The second characteristic: set the bar low. By setting the bar low, we know we are setting ourselves up for success. In our push-up example, if we stop after two push-ups, we’ve succeeded. Think of it as a ripple effect; change leads to change; success leads to success. By setting an easy target, we’ve set ourselves up to meet those expectations and can exceed them if we want.

The third core characteristic: make the new habit a part of your identity. As you get moving, whether through doing push-ups or going for a walk or run, internalize the sense that you’re somebody who is active. Use the activity you are doing to remind yourself you are now somebody who moves every day. As James Clear, author of Atomic Habits, says, “All big things come from small beginnings,” and “Every action you take is a vote for the type of person you wish to become.”
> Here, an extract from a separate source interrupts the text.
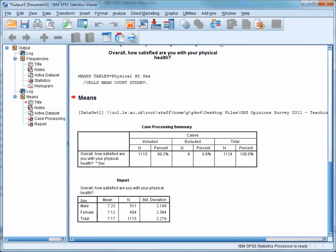In the last video, I showed you how to compare means in SPSS. In this video, we're going to look at how to interpret the output.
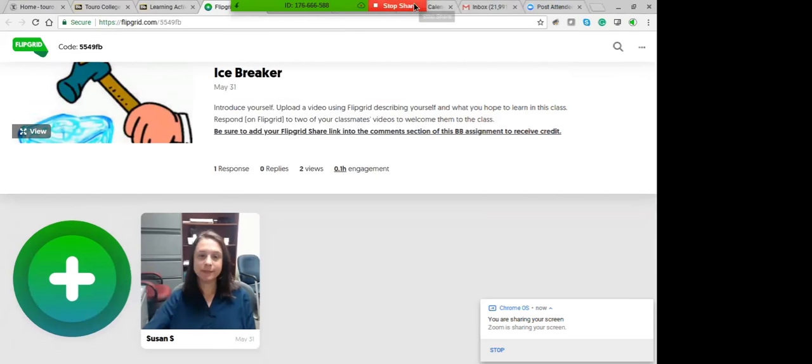For week one, there's a baseline survey and a Memorandum of Understanding to sign, among a couple other things. For the first assignment, we don't expect you to have the book right away, but you should purchase it as soon as possible and start reading.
Speakers As we wrap up our conversation about habits and behavior change, we may still have many unanswered questions. Let’s go over a few common ones. What about wanting to stop a behavior rather than start one? In this case, reverse the process: remove the cue, make it hard to do, and eliminate the motivation or replace it with a different one.

What about setbacks and troubleshooting? Think of forming a new habit as learning a set of skills. One of those skills is troubleshooting when things go wrong. Use setbacks and challenges as opportunities to grow and get better at forming habits. There is no failure, only feedback.

And for one last common question: how long does it take to form a new habit? The answer is, “it depends.” It comes down to our starting point. Generally, it takes about two months of work, but if it’s stacked well as we discussed above, and it’s closely linked with a strong sense of purpose and identity, it might not take long at all. At the heart of this answer, though, is emotion. Getting a habit to stick, making a repeated behavior automatic, must agree with our emotional systems that help us identify when we’re engaging in activities that are meaningful.

When you’re working to change a habit, remind yourself that you’re learning a new skill. Make it easy on yourself and keep it simple; pick one habit – a behavior you want to start or stop – and develop it. Review the three key elements: motivation, skill and ability, and cues. Then ask yourself: is this habit easy to do (or not do)? Have I set my expectations low enough so I can do (or not do) this behavior consistently? And finally, can I see this habit–or lack of it–as part of my identity?

Remind yourself of why you’re doing this and keep going. As grit researcher Angela Duckworth says, “Success is never final; failure is never fatal. It’s courage that counts” (5).

Take heart, let’s do this.

~ Andrea & Marcus

What You Can Do – Habit Alteration

  1. Between getting better sleep, making dietary changes, and incorporating more movement in your life (among other changes), there are all sorts of opportunities to form a new habit or stop an old one. Practice using the tools here to make one change this week.
  2. How can you make new habits easier and more rewarding?
  3. How would you describe the type of man or woman you want to become? What habits would that person engage in or stop engaging in?

 

Today’s Exercise

We’ve discussed sprinting as a key component to longevity and general fitness. Today, let us introduce you to Tabata intervals.

You may have heard of this before as a method to get fit quickly, and there actually is some merit to that idea. But to do it properly, you have to commit to going all out on the intervals.

The basic design is this: 8 rounds of 20 seconds on, 10 seconds rest.

And that’s it. It’s a four-minute workout that packs a punch, and the exercise you do has to be one you can really throw your weight into. Tuck jumps, jumping lunges, a stationary bike, frog jumps, or a rowing machine are all great options for the infamous Tabata.

This scheme can also be used as a new way to break up other exercises, but it’s not going to yield the same results as what I just mentioned.

So, today’s workout is up to you. Pick a movement you’ve learned that you can do for 20 seconds at a time, and do that for 8 rounds with 10 seconds of rest between.